YOUR GOAL. Every line below from the one containing "Wooden Cold Pressed Castor Oil" through the one containing "Bass Coast Shire" must be transcribed exactly. Omit all lines outside that stretch.

EXERCISE MATERIALS.
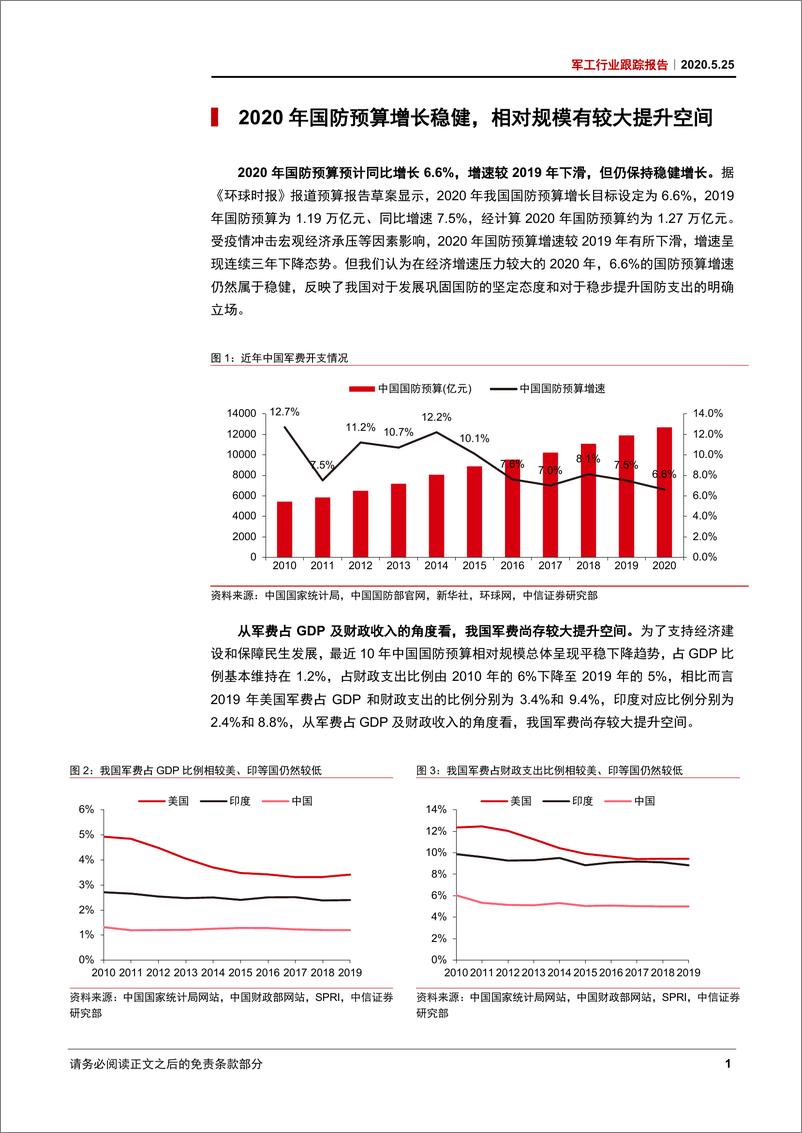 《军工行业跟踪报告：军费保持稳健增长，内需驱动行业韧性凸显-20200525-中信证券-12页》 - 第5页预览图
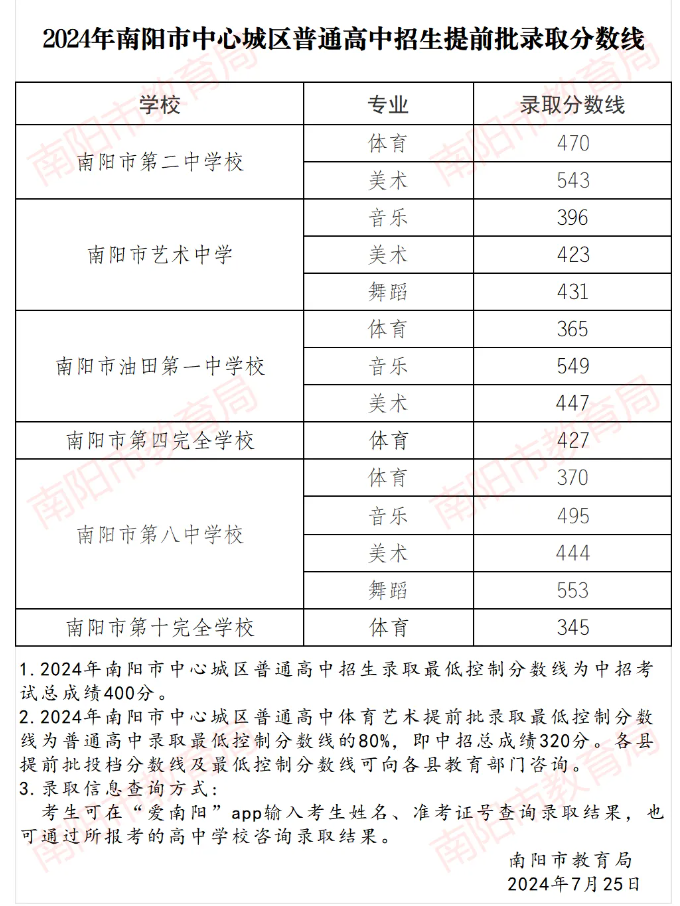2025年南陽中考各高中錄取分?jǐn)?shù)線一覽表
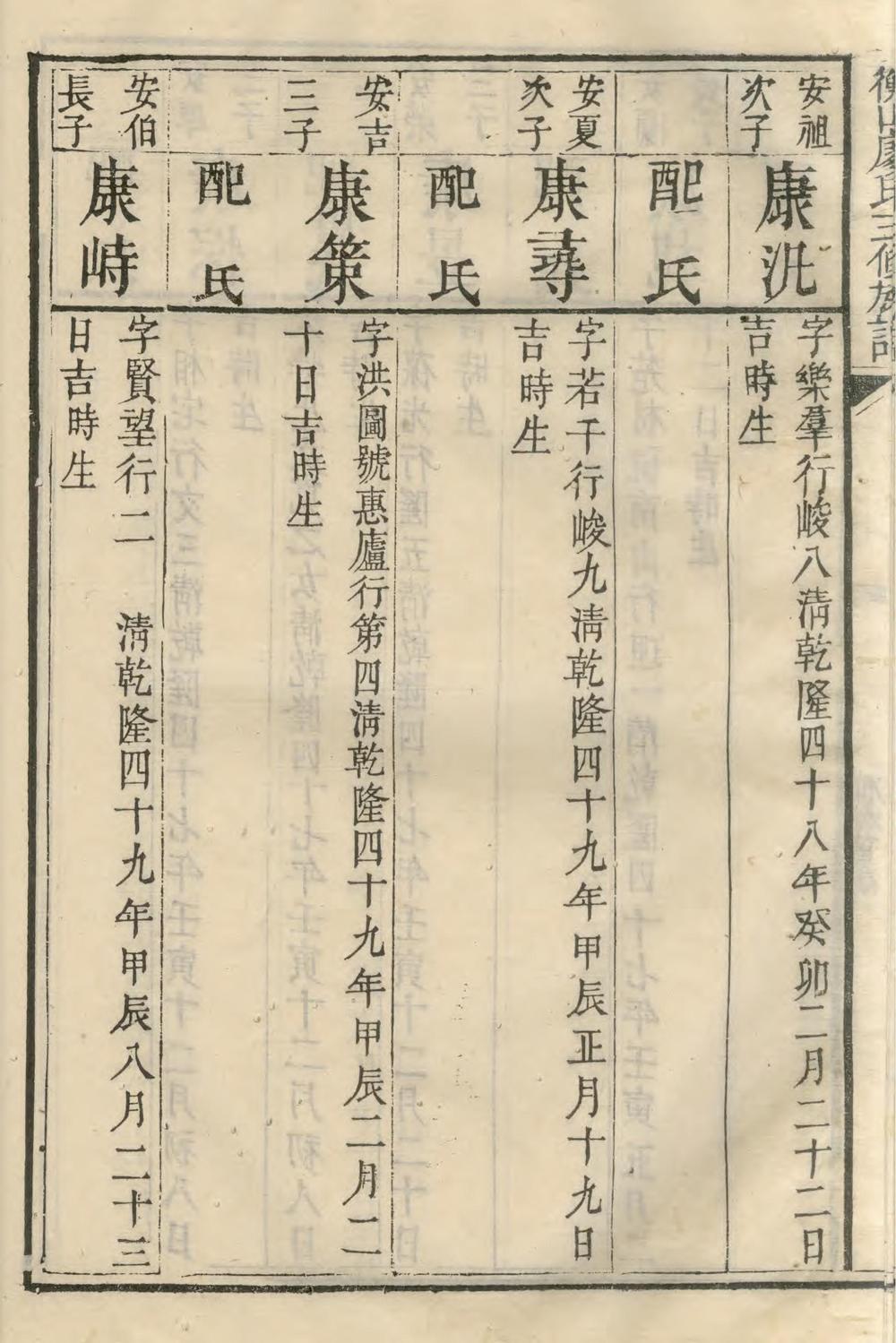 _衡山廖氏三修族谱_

---

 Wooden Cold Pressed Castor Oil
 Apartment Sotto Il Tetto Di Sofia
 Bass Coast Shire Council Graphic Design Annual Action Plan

RESPONSE TO THIS EXERCISE.
 Wooden Cold Pressed Castor Oil
 Apartment Sotto Il Tetto Di Sofia
 Bass Coast Shire Council Graphic Design Annual Action Plan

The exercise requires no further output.